### REQUIRED WORK
Up to and including the line bearing "Chemical structure of", output every line of the entries exactly as written, starting from the first; pictures stay out.

-- SUPPLIED INFORMATION follows --

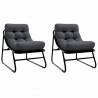 Meble ogrodowe z poduszką 2 pcs Czarny 60,5 x 81 x 71 cm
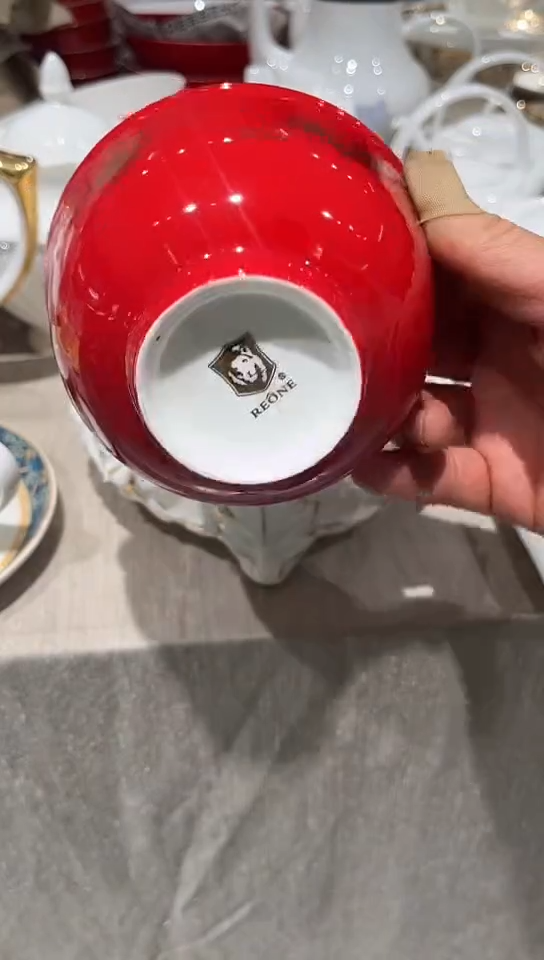 瓷小红碗1个隆达骨瓷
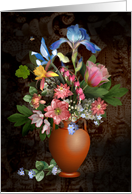 Flower Bouquet with Spring Garden Flowers card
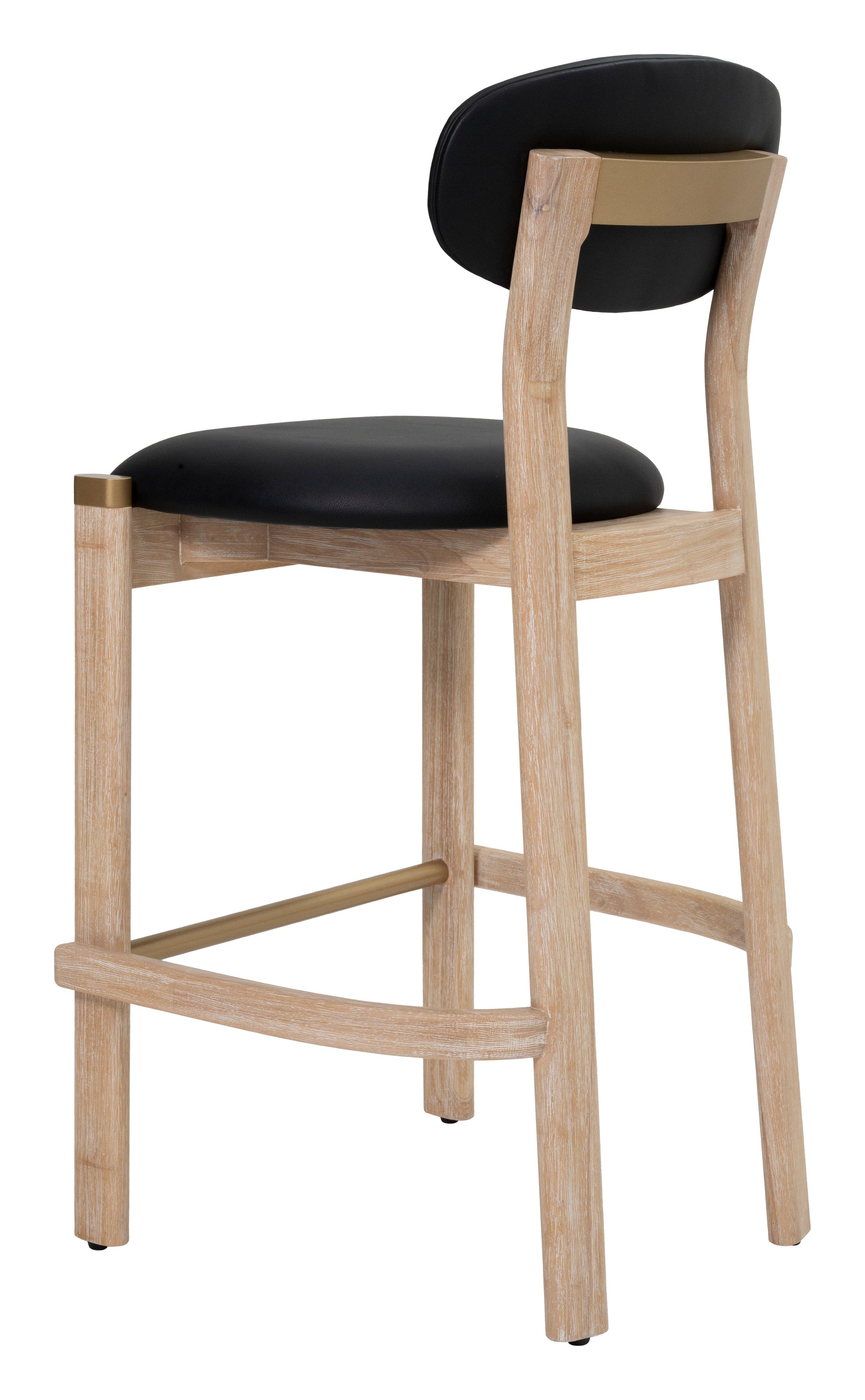 Rilou Black & Natural Barstool (Set of 2) - Ornate Home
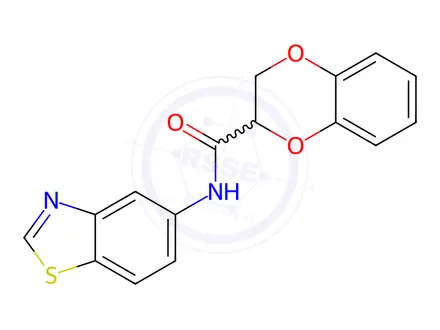 Chemical structure of N-(Benzo[d]thiazol-5-yl)-2,3-dihydrobenzo[b][1,4]dioxine-2-carboxamide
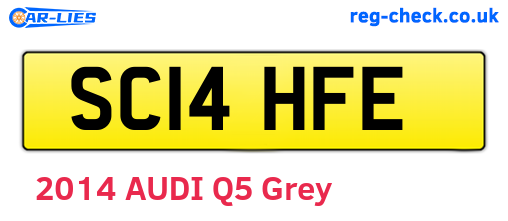 SC14HFE are the vehicle registration plates.
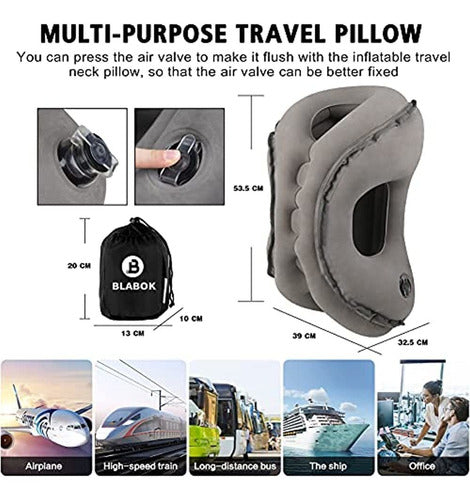 BLABOK Inflatable Travel Pillow, Multifunctional Neck Travel Pillow 4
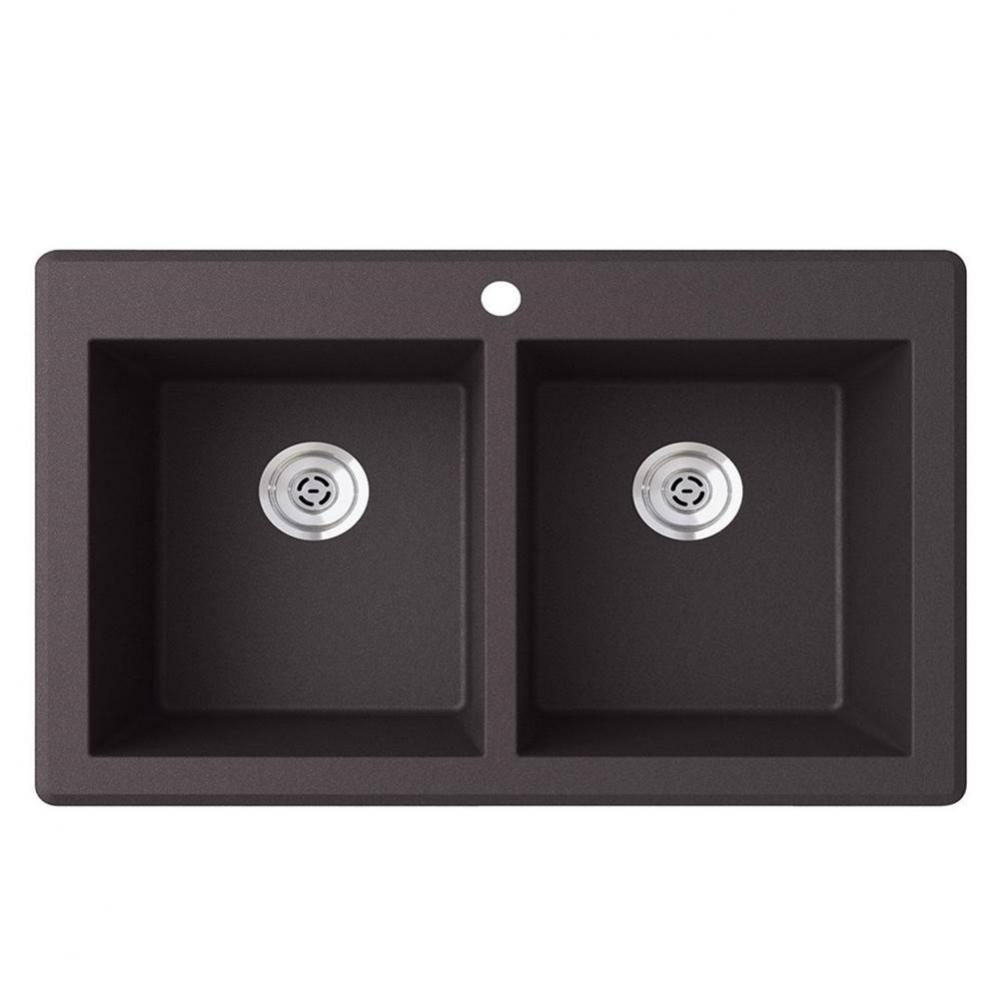 QZSQ-3322 22 x 33 Granite Drop in Double Bowl Sink in Nero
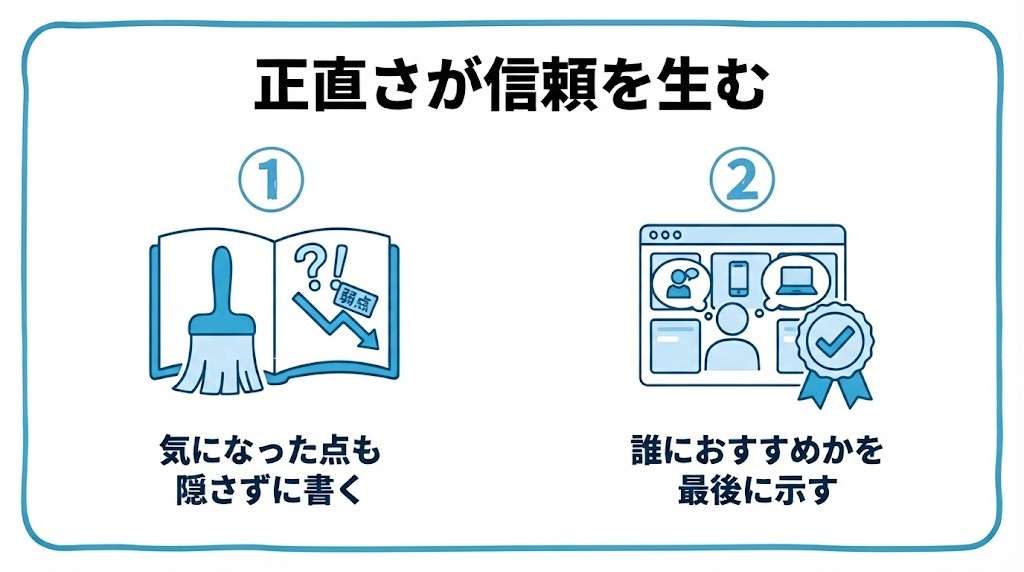 正直さが信頼を生むを、気になった点も隠さずに書く・誰におすすめかを最後に示すという2つに分けて図解したインフォグラフィックです。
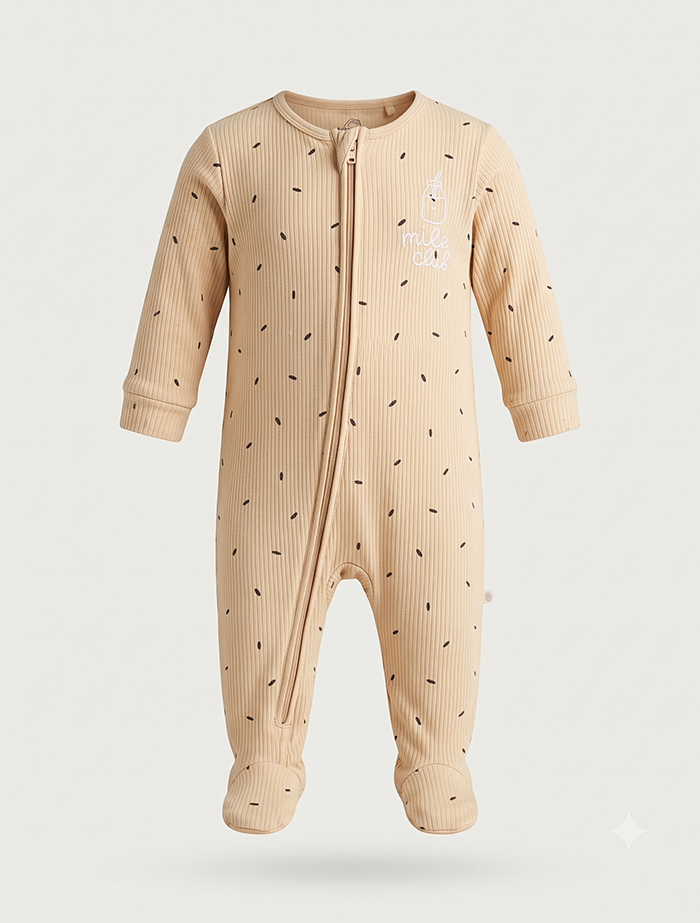 Beige ribbed zipper sleepsuit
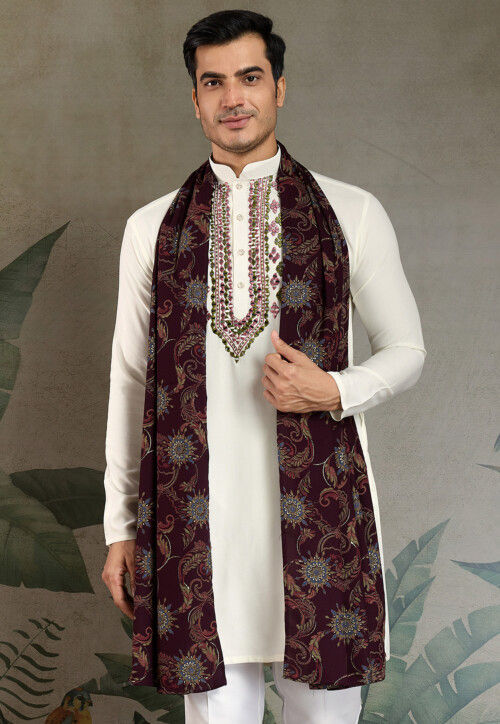 Embroidered Rayon Kurta in Off White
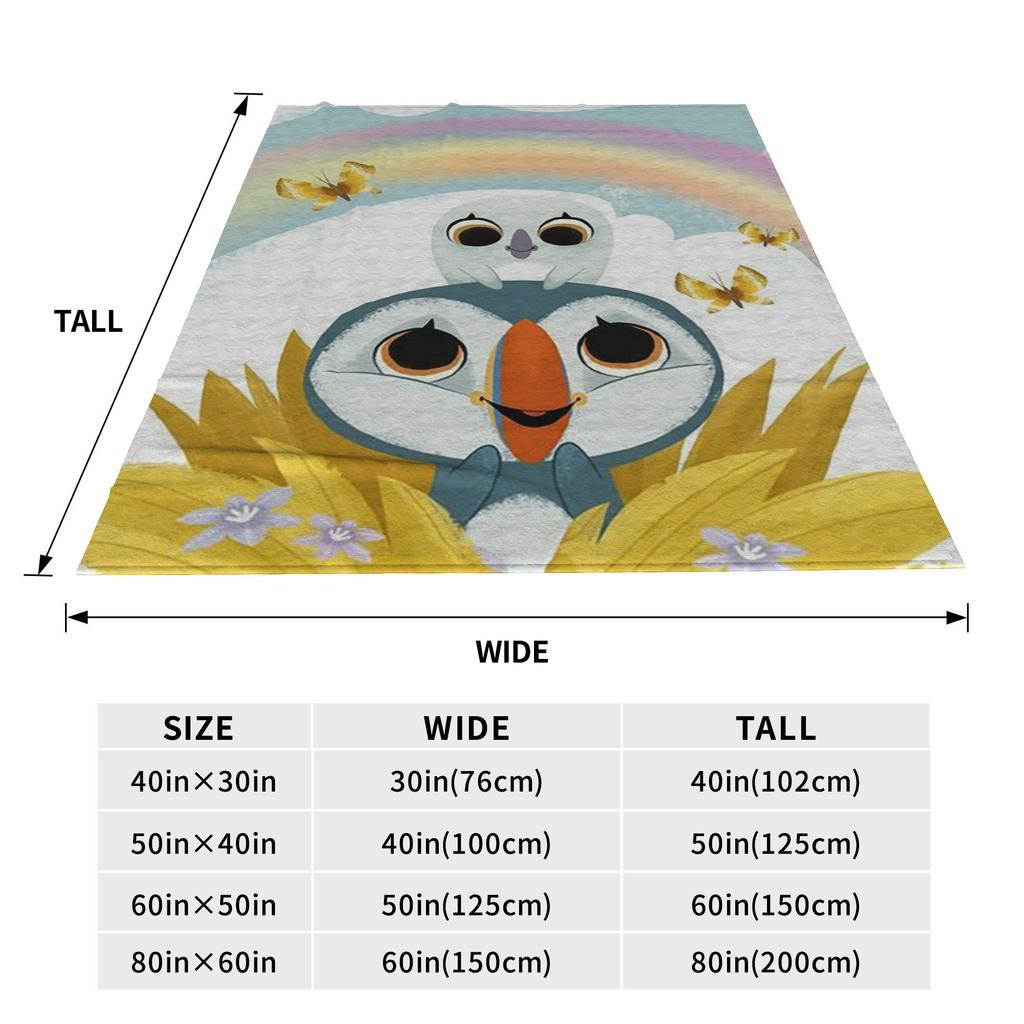 Flannel Throw Blanket Puffin Rock Cartoon Warm Plush Blankets Soft Bedspread for Bed Living Room Home Travel Couch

-- SUPPLIED INFORMATION concluded --

### TASK RESULT
 Meble ogrodowe z poduszką 2 pcs Czarny 60,5 x 81 x 71 cm
 瓷小红碗1个隆达骨瓷
 Flower Bouquet with Spring Garden Flowers card
 Rilou Black & Natural Barstool (Set of 2) - Ornate Home
 Chemical structure of N-(Benzo[d]thiazol-5-yl)-2,3-dihydrobenzo[b][1,4]dioxine-2-carboxamide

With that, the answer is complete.